There are, however, a few parts of the overall situation that bother me. First, how was it that despite being located in a known flood zone, data center operators allowed a single point of failure like the fuel pumps to be located in a basement? Sure, in hindsight it seems obvious, and the flooding was extraordinarily bad, but I’ll bet that there are a bunch of data center architects looking at ways to provide not just alternate pumps, but alternate ways to get fuel directly to the generators.
(Note: the picture to the right is the lobby of the Verizon data center at 140 West Street, taken Monday night. All five basement levels flooded during the storm, and 3 and 1/2 of them were still underwater four days later.)
Second, it appears that the effort to keep the Peer 1 data center online was instigated and to a large extent carried out by customers, led by Anthony Casalena, the founder and CEO of Squarespace, not by the data center operations team themselves. Once the adrenaline wears off, my guess is that there will be some customers wondering why THEY had to save the day on behalf of the provider they are paying princely sums to. Robert Miggins, senior vice president of business development at Peer1, is quoted as saying “we wouldn’t have had the manpower there to actually bring the fuel up in time,” Miggins said. “There’s a lot of good will, and there’s a lot of hard work and there’s a few lucky bounces for good measure,” he said. I’m sure there have been some incredibly hard working people from Peer 1 right there the whole time, but I don’t know how you take that statement as a good thing. In the Squarespace updates you can also see that Peer 1 is going to have to bring the generator down to replace the fuel filter, something that is easily avoided with a little pre-planning.
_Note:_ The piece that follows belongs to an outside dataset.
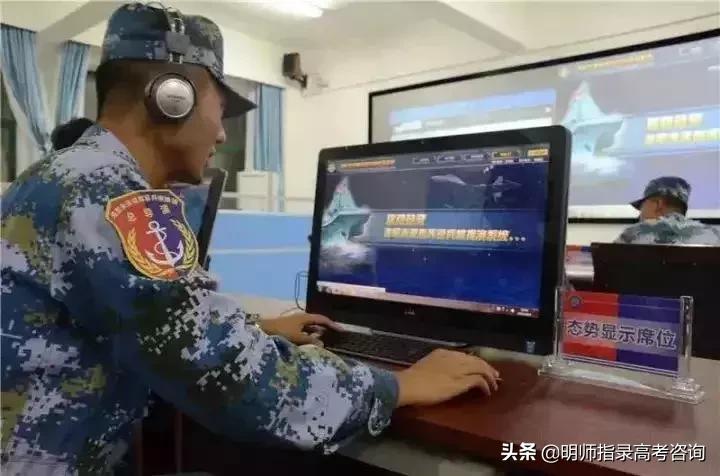 海军五所军校,中国海军五所学校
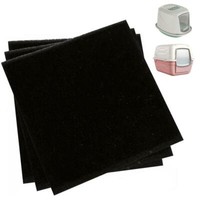 litter box flap replacement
Finally, while there were many reports of data center operations teams sleeping in the facility over the duration of the storm, in most cases it appears those teams were locally based. To me, this is a huge operational no-no, and one that could definitely impact customers. Let me explain.
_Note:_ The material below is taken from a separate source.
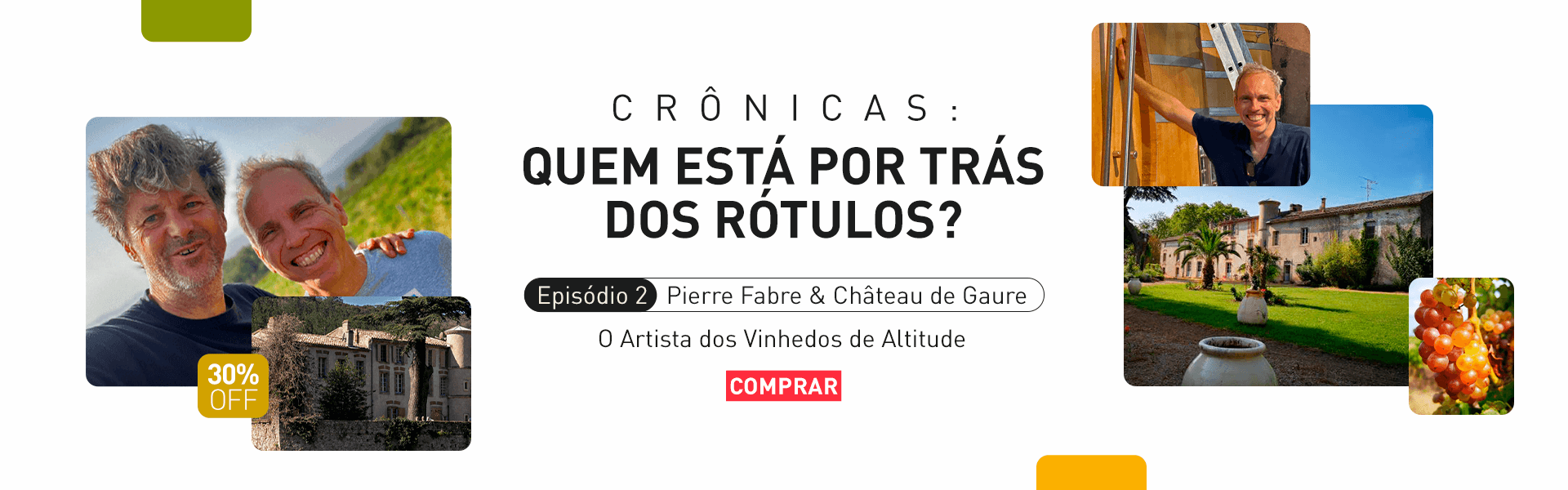 Cronicas - Gaure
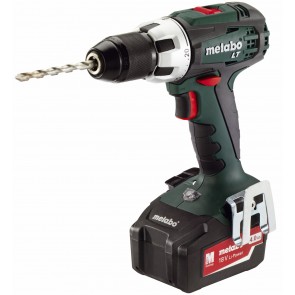 Metabo 18 Volt Δραπανοκατσάβιδο Μπαταρίας BS 18 LT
In a former life, I was the Director of Operations and Engineering for multiple free-standing data centers with around 50,000 sq/ft of usable space in Charlotte, NC. The company I worked for grew from three facilities in three markets to 19 facilities in 10 markets over my 6 years there, with three of those markets being in Florida. Hurricane and storm planning was a very real part of our day-to-day processes. Early on, we identified that we needed to standardize both the equipment and processes as much as possible from facility to facility so that were weren’t dependent on the local teams to be able to run things efficiently, especially in the Florida markets. Why? Because we didn’t want the local staff working in the data center during a disaster.
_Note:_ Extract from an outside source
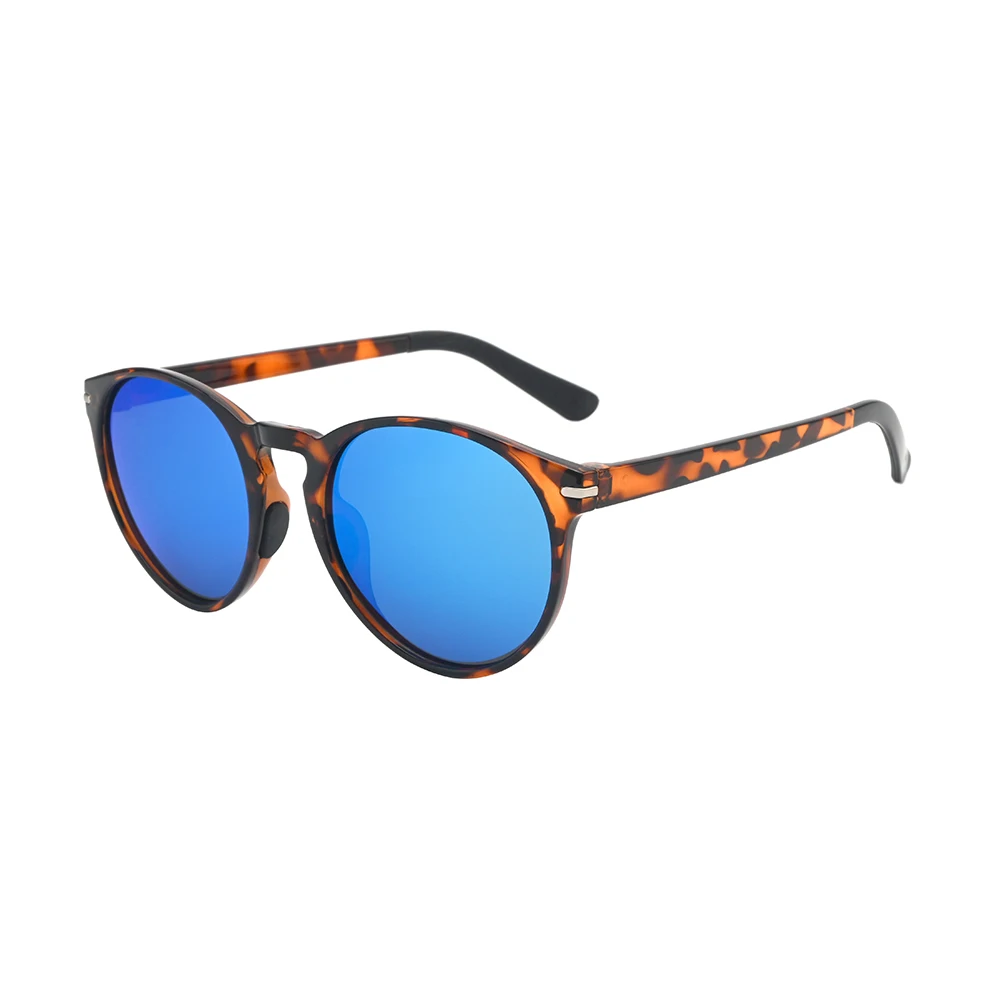Custom Polarized TR90 Women’s Round Sunglasses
One of the primary things I learned from running the data centers, was that I never wanted to put an operations engineer in a position where he had to pick between his job and his family. Working in a critical facility role is inherently stressful all by itself; everything in the data center can be life-threatening. The best facilities engineers are the ones who are completely focused on the job at hand. In the case of a huge disaster like Sandy, every one of those engineers have friends and family who were also affected by the storm. How can they focus on the complex problems at the facility when they have kids at home with no power, or family with flooding and downed trees? They can’t, and it’s not fair to ask them to.
One of the plans we put in place (but thankfully never had to implement) at my time running data centers was that each facility had 3-5 designated engineers who were part of a disaster response team (DRT). If a significant event was forecast for a market that were had a data center in, we’d fly a team in 2-3 days early. Then the local market team would do a full handoff to the DRT, making sure that everyone was on the same page. Once that hand off was complete, we only asked one thing of the local team: go home and take care of your family. They knew the data center was in good hands, and we let them focus on the things that the company couldn’t. The ultimate winner there was the customer, who had a fully prepped, rested and non-distracted facilities team on-site with nothing else to focus on but making sure their equipment stayed powered and connected.
Maybe it just hasn’t gotten any press, but why wouldn’t Peer 1, Internap, Equinix have a plan like this in place? They have 19 data centers worldwide and had a week’s notice to prepare, why didn’t they have additional staffing on-site? Why were customers carrying fuel? What happens if one of them slipped on the stairs and got hurt? I’m glad these customers were able to keep the lights on despite their provider, but this certainly isn’t an optimal resolution.
In the end, it’s all still about people. Whether it’s on the software side or the facilities end, it’s still people who built, test, operate and support the “clouds” that our workloads call home. When one of those steps fails, the cascading effects typically become visible right away, with far-reaching consequences.